When it comes to linux AMD just doesn't have the track record of solid driver support. Their own closed source drivers have always been a pain. They have been able to up their game recently and the 480 has day one support, at least for ubuntu and steamos. The work of making drivers not painful to install for most distros is done by users... so if your building a new Linux machine I think NV is still the way to go until AMD proves, and still improves in general their support of linux. (unless your really planning to run a LTS release of Ubuntu Yuk lol) Hopefully they mean what they have been saying and follow through. Once they do their drivers will get smoother installs and integration into other Distros.
 
When it comes to linux AMD just doesn't have the track record of solid driver support. Their own closed source drivers have always been a pain. They have been able to up their game recently and the 480 has day one support, at least for ubuntu and steamos. The work of making drivers not painful to install for most distros is done by users... so if your building a new Linux machine I think NV is still the way to go until AMD proves, and still improves in general their support of linux. (unless your really planning to run a LTS release of Ubuntu Yuk lol) Hopefully they mean what they have been saying and follow through. Once they do their drivers will get smoother installs and integration into other Distros.

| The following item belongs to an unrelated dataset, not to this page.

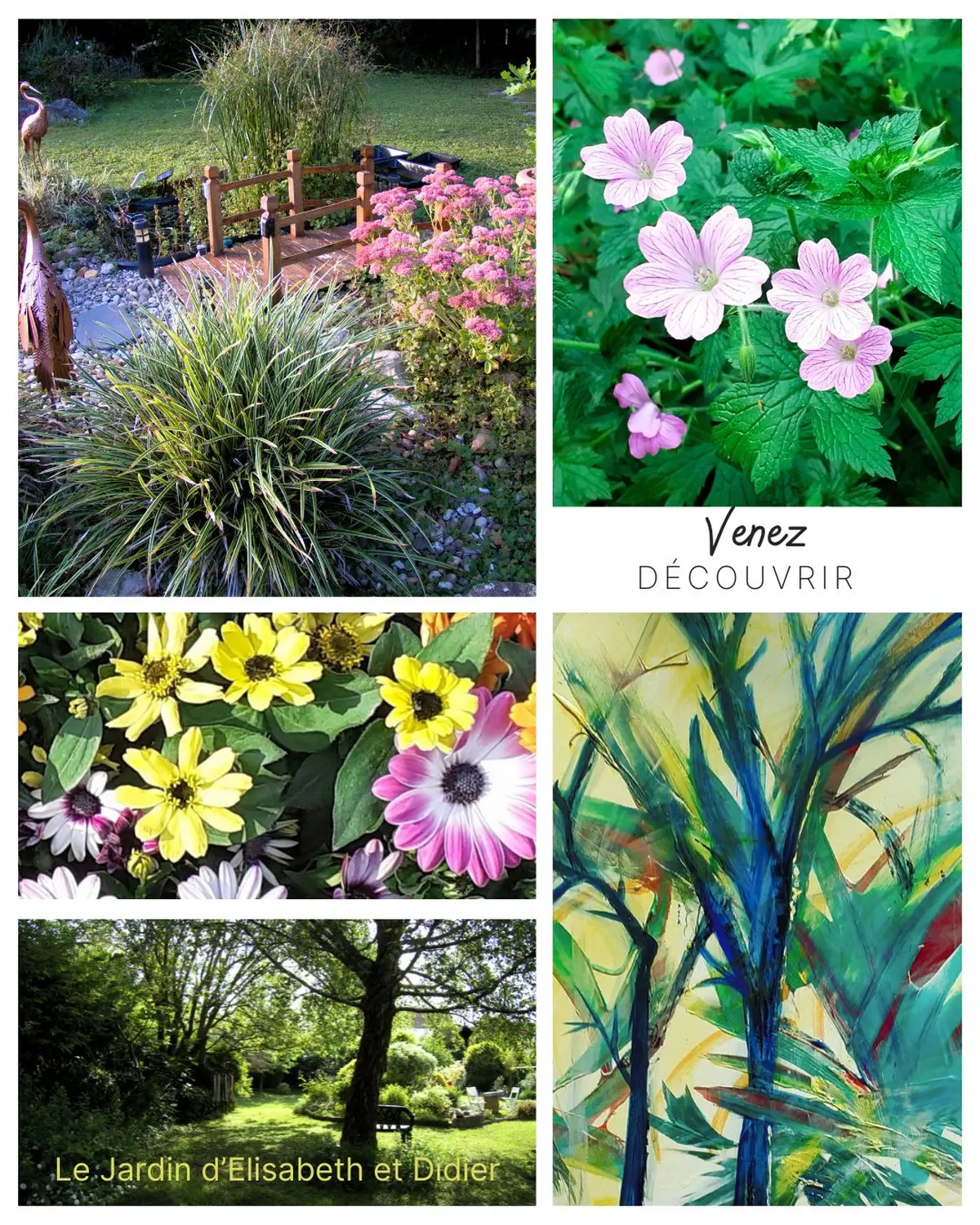 Le Jardin à travers les Yeux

Actually they do have solid driver support just not solid performance that all which doesn't make them bad nor good
How are AMD closed source drivers a pain when it no diff then NVidia closed source driver unless you ref to the new AMDGPU Pro Driver or was it Catalyst driver ?.
 
Actually they do have solid driver support just not solid performance that all which doesn't make them bad nor good
How are AMD closed source drivers a pain when it no diff then NVidia closed source driver unless you ref to the new AMDGPU Pro Driver or was it Catalyst driver ?.

IME any of the smaller distros have required an involved process to install. (and even with ubuntu the newest ati drivers require a bunch of editing) Although I will grant that there are distros where installing the closed source Nvidia driver can also be a pain if the disro defaults with some of the open source drivers. They don't play well and you have to often make sure and get rid of the open source completely and reboot before you can take care of the closed source setup.I don't have any issues going in and changing config files for X ect and possibly having to reboot to a command line. However I have always just assumed that stuff like that discourages the average windows switcher.

I have been installing Manjaro for friends the last year or so when they ask, and with Manjaro on Nvidia hardware switching to the Nvidia driver is as easy as clicking the version you want and the install button. The developers obviously use Nvidia hardware, making that version of linux the easiest I have ever dealt with in regards to video drivers and setup. Its faster then going to NVs website and downloading and installing under windows... its one click and 2-3 min and a restart and you don't get all the NV bloatware that comes with the windows driver. They also have a fast integration time helps that its a rolling release I guess, when NV posts a new linux driver most of the time the Manjaro guys have it on the one click install with in a few days at the most.